[Items listed in a dataset]
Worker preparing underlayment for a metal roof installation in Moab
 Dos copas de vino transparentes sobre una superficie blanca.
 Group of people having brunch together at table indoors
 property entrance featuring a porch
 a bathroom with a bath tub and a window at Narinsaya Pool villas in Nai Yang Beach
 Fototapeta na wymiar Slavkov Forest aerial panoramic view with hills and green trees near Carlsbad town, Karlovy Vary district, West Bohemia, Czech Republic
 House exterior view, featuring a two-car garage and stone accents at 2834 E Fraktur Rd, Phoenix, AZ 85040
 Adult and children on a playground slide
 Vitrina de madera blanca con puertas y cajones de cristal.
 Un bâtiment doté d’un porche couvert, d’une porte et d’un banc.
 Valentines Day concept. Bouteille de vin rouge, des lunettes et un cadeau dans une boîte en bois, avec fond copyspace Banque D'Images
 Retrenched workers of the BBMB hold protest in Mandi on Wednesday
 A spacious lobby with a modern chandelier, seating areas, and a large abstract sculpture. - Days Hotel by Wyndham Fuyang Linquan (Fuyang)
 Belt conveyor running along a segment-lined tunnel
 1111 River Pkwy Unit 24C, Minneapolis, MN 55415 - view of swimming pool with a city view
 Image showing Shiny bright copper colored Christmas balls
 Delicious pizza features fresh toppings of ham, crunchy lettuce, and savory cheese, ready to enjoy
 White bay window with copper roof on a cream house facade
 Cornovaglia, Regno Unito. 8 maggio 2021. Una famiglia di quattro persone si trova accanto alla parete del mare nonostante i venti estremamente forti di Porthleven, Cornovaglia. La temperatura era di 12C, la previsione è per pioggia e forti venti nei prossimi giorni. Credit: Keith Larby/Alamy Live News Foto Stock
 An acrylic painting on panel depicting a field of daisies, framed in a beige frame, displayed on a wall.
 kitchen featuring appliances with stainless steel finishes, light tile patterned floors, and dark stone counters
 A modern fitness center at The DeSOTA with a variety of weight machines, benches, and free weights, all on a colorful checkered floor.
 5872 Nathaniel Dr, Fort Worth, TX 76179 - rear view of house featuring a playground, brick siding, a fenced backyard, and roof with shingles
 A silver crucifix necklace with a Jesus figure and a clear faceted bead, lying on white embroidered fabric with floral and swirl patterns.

ACTIVITY: Every entry above should be returned exactly as written.

TASK RESPONSE:
Worker preparing underlayment for a metal roof installation in Moab
 Dos copas de vino transparentes sobre una superficie blanca.
 Group of people having brunch together at table indoors
 property entrance featuring a porch
 a bathroom with a bath tub and a window at Narinsaya Pool villas in Nai Yang Beach
 Fototapeta na wymiar Slavkov Forest aerial panoramic view with hills and green trees near Carlsbad town, Karlovy Vary district, West Bohemia, Czech Republic
 House exterior view, featuring a two-car garage and stone accents at 2834 E Fraktur Rd, Phoenix, AZ 85040
 Adult and children on a playground slide
 Vitrina de madera blanca con puertas y cajones de cristal.
 Un bâtiment doté d’un porche couvert, d’une porte et d’un banc.
 Valentines Day concept. Bouteille de vin rouge, des lunettes et un cadeau dans une boîte en bois, avec fond copyspace Banque D'Images
 Retrenched workers of the BBMB hold protest in Mandi on Wednesday
 A spacious lobby with a modern chandelier, seating areas, and a large abstract sculpture. - Days Hotel by Wyndham Fuyang Linquan (Fuyang)
 Belt conveyor running along a segment-lined tunnel
 1111 River Pkwy Unit 24C, Minneapolis, MN 55415 - view of swimming pool with a city view
 Image showing Shiny bright copper colored Christmas balls
 Delicious pizza features fresh toppings of ham, crunchy lettuce, and savory cheese, ready to enjoy
 White bay window with copper roof on a cream house facade
 Cornovaglia, Regno Unito. 8 maggio 2021. Una famiglia di quattro persone si trova accanto alla parete del mare nonostante i venti estremamente forti di Porthleven, Cornovaglia. La temperatura era di 12C, la previsione è per pioggia e forti venti nei prossimi giorni. Credit: Keith Larby/Alamy Live News Foto Stock
 An acrylic painting on panel depicting a field of daisies, framed in a beige frame, displayed on a wall.
 kitchen featuring appliances with stainless steel finishes, light tile patterned floors, and dark stone counters
 A modern fitness center at The DeSOTA with a variety of weight machines, benches, and free weights, all on a colorful checkered floor.
 5872 Nathaniel Dr, Fort Worth, TX 76179 - rear view of house featuring a playground, brick siding, a fenced backyard, and roof with shingles
 A silver crucifix necklace with a Jesus figure and a clear faceted bead, lying on white embroidered fabric with floral and swirl patterns.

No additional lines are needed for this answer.